Страница 15 из 58
Композитор А. Н. Серов писал когда-то о Девятой симфонии: «Это первое мрачное эпическое вступление пахнет кровавыми днями терроризма. Царство свободы и единения должно быть завоевано. Все ужасы войны — подкладка для этой первой части. Она ими чревата в каждой строке. Эти темные страницы… — глубочайшее философское воплощение в звуках темных страниц истории человечества». Во второй части симфонии — в скерцо — звучит русская тема: Серов нашел в ней сходство с «Камаринской». Хор в венчающей симфонию оде Шиллера поет: «Как миры без колебаний путь свершают круговой, — братья, в путь идите свой, как герой на поле брани…»
«Темные страницы истории человечества» повторялись. В один и тот же день торжествующая столица фашистской Германии транслировала каннибальский марш, а осажденный, голодный, обескровленный Ленинград посылал в мировой эфир звуки Бетховена, стихи Шиллера.
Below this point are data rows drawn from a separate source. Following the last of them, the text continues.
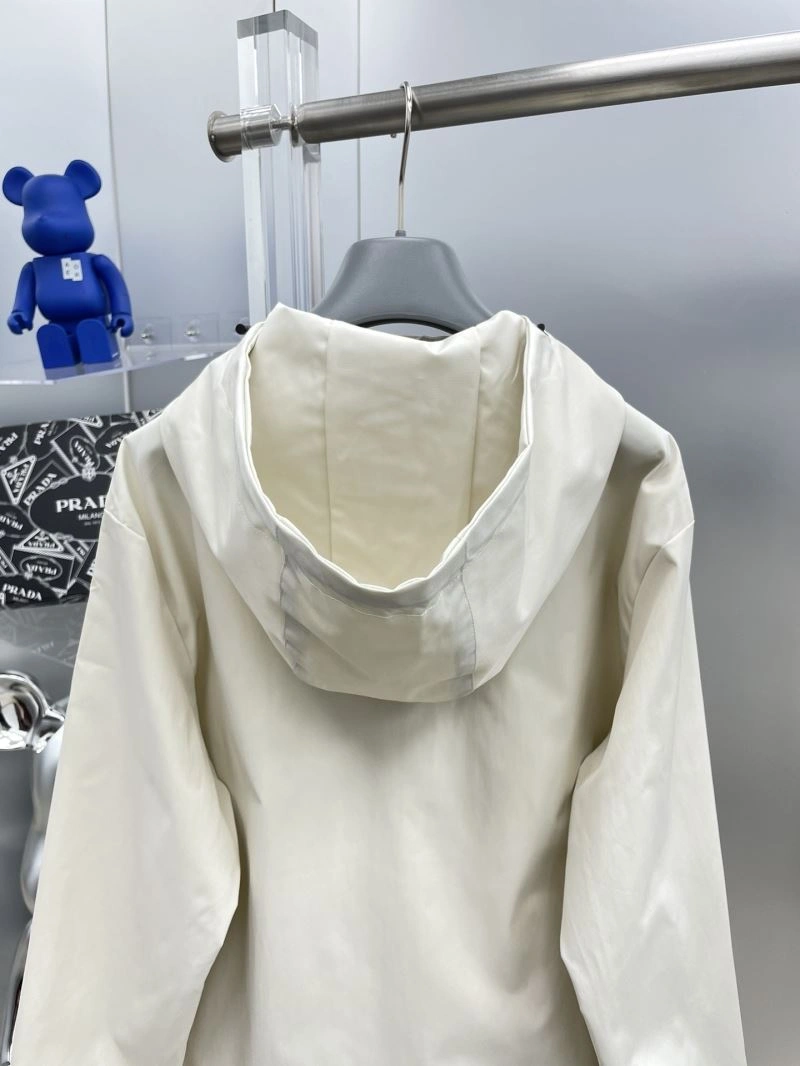 Moncler Outwear Snug 142468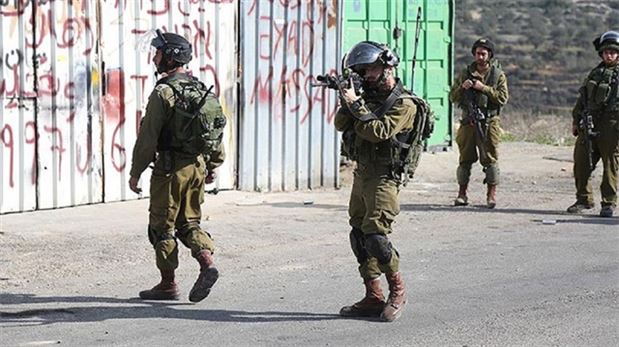 Katil İsrail Hamas yöneticisini gözaltına aldı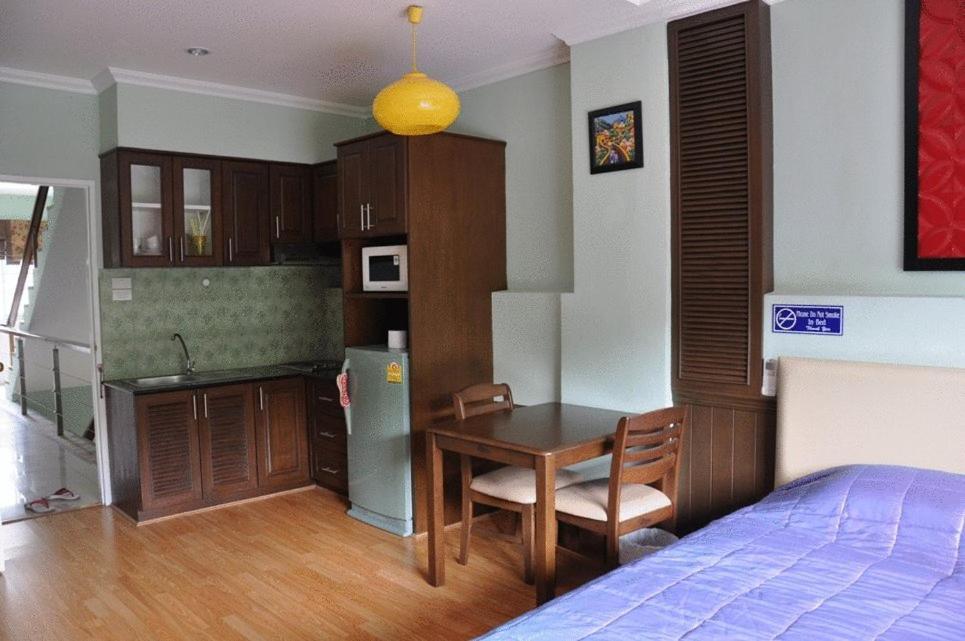 Hill Top Service Suites Bang Lamung Pokoj fotografie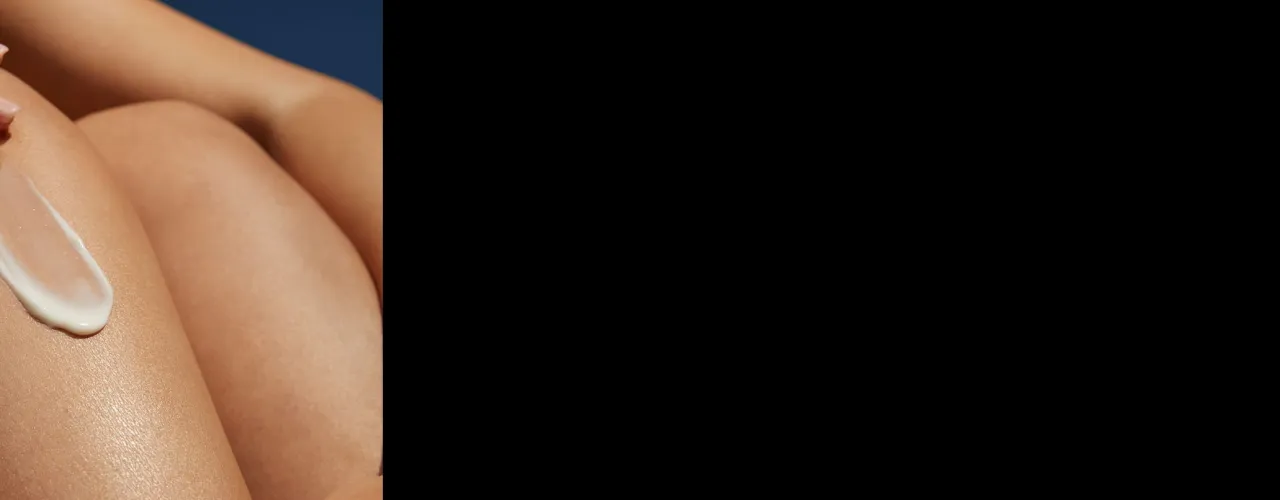 Kobieta sprawdzająca żyłki na nadgarstku, aby określić tonację skóry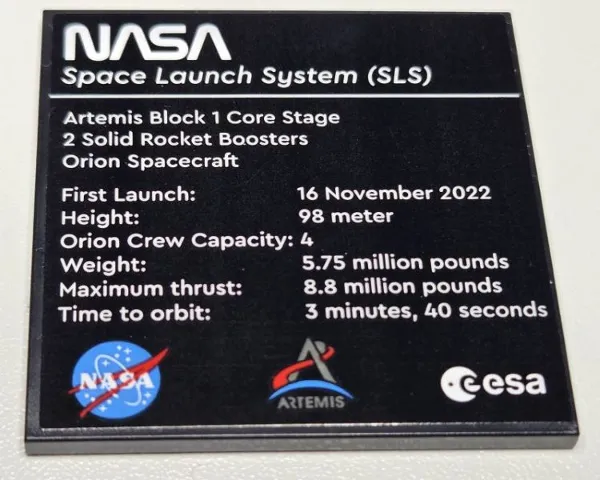 Tile 6 x 6 with Bottom Tubes, Textured Surface with NASA Space Launch System (SLS) Pattern (Sticker) - Set 10341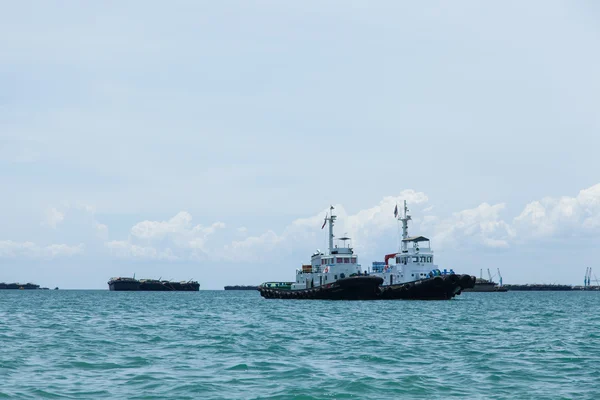 Barcos pesqueros amarrados en el mar . — Foto de Stock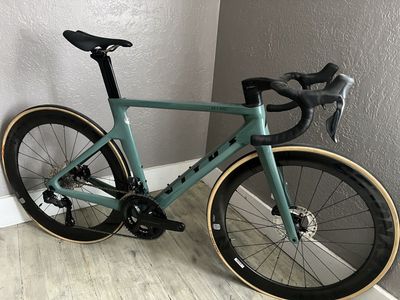 2022 Vitus ZX-1 EVO Aero Road Bike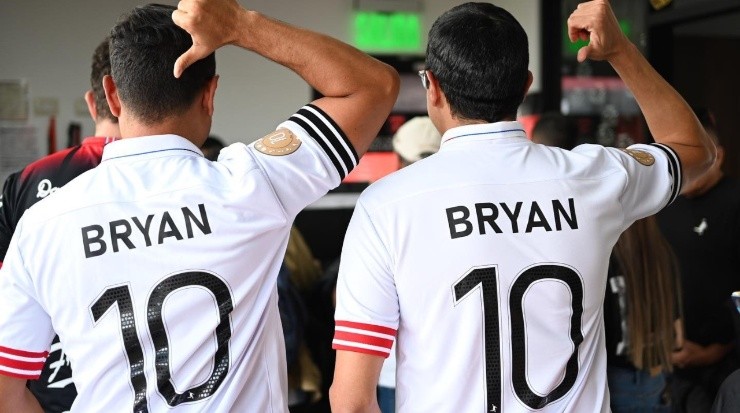 Jugadores y dirigencia manuda decidieron “darle un descanso” a la camiseta 10 por tiempo indefinido (LDA)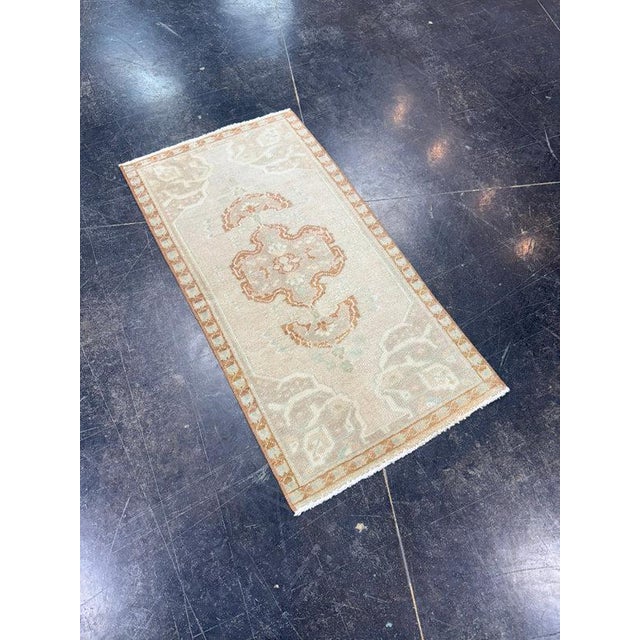 Turkish Mini Rug Oriental Hand Knotted Vintage Rug 1'7" x 3' #17928 For Sale In Houston - Image 6 of 8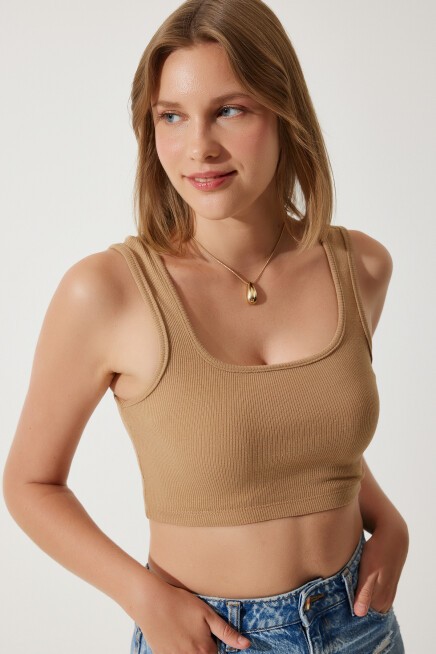 ASKILI FİTİLLİ CROP ÖRME BLUZ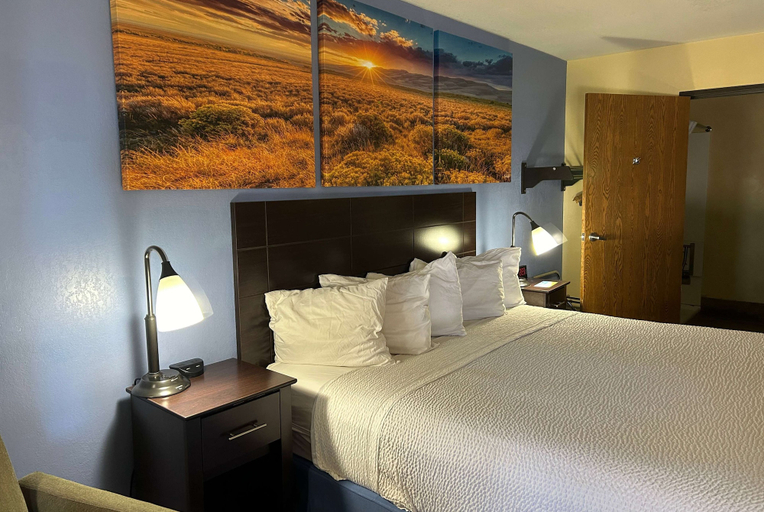 Bedroom 3, Days Inn by Wyndham Holbrook, Navajo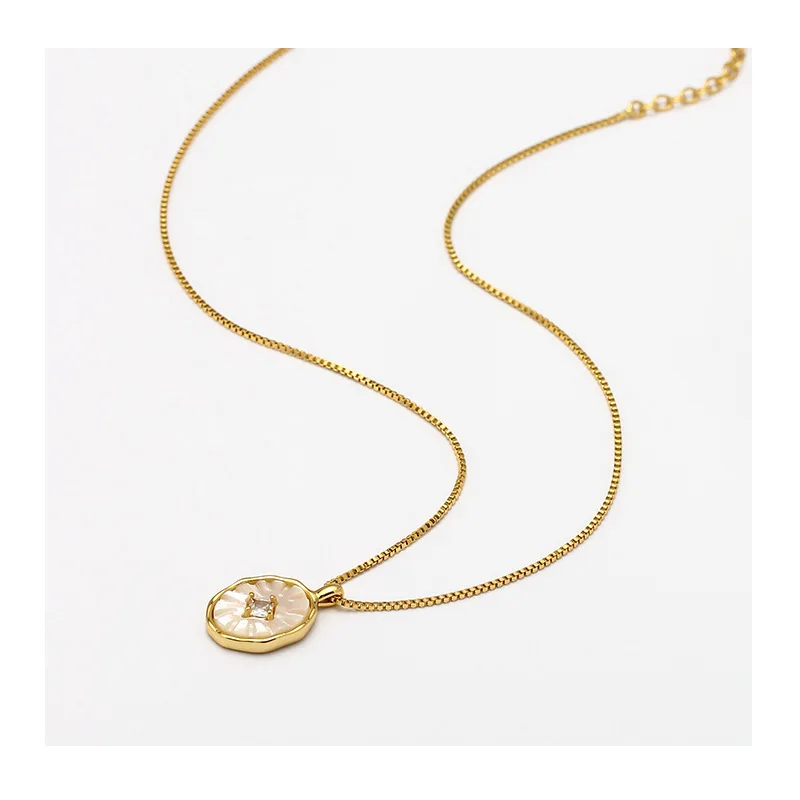 Korean Shell Pendant Necklace Zircon Gold-plated Collarbone Chain Trend Fairy Niche Design High Sense
Korean Shell Pendant Necklace Zircon Gold-plated Collarbone Chain Trend Fairy Niche Design High Sense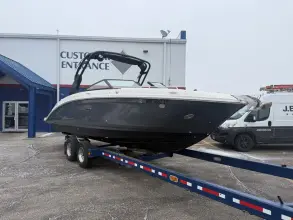 Thumbnail von Sea Ray 270 Sundeck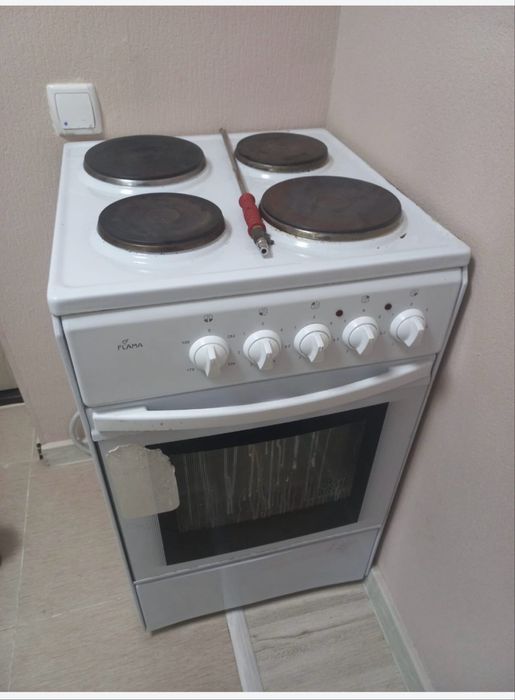 Электроплита, требует ремонта 1 конфорки и духовки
Когда умолкла гениальная музыка, люди, сидевшие в зале, встали. Они аплодировали без улыбки — строго и сурово. Это было похоже на демонстрацию. Да так оно и было. Музыка поднимала людей над их горем. Они, несмотря ни на что, верили в Радость и своими аплодисментами утверждали ее.
Скоро зал Филармонии стал неузнаваем. Мраморные колонны покрылись инеем и тускло мерцали. Слабый свет люстр уже не разгонял сумрака. 7 декабря состоялся последний концерт сорок первого года. В тот прощальный день оркестр радио исполнил Пятую симфонию Бетховена (тему ее музыковеды обычно определяют словами «от тьмы — к свету») и увертюру Чайковского «1812 год». Это было первое исполнение увертюры Чайковского в осажденном Ленинграде. Элиасберг произвел в партитуре некоторые изменения; вместо цитатно использованного композитором гимна «Боже, царя храни» дирижер включил в увертюру «Славься» из «Ивана Сусанина» Глинки.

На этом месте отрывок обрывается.